I have a problem where I want to calculate the shear flow in a built up beam where an existing beam will be strengthened by connecting another section to it (in this case the 7"x3" channel will be strengthened by connecting 125x65mm PFC section). See the figure below.

The proposal is to connect the 125x65 PFC to 7"x3" channel by using 1no. bolt at the middle (at neutral axis).

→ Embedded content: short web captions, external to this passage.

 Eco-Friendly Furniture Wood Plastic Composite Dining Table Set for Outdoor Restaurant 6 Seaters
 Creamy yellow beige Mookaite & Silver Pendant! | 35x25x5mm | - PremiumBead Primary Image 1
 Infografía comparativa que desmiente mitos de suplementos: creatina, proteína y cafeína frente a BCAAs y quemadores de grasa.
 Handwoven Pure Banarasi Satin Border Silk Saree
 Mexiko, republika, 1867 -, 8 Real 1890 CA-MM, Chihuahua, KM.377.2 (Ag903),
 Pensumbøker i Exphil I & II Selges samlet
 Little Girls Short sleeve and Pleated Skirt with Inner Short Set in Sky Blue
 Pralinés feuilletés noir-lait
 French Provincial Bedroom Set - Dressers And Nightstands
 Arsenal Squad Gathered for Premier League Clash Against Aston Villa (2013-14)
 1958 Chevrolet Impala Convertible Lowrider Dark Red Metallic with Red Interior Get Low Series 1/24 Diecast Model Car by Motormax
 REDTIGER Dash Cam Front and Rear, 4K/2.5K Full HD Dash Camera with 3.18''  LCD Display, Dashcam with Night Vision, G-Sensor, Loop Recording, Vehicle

My question is, in order to carry out the shear flow calculation, we have to consider the connected section (125x75PFC) above the neutral axis. Hence the area to be calculated will be the half the area of the 125x65 section. The first moment of area then will be Q = A.y where y is going to be the distance from the neutral axis to the centroid of the half the 125x65 section (see in the figure below). In this case, do we calculate the shear flow like this, than compare it to the capacity of the bolt and work out how many bolts I need at what spacing? Or, since the bolt is connected at the neutral axis, the shear flow calculation has to be carried out at that location, where the Q will come out to be 0 due to the fact that distance from the neutral axis is 0?

Or it doesn't matter whether the bolt is connected (whether it's at the neutral axis or slightly above neutral axis)?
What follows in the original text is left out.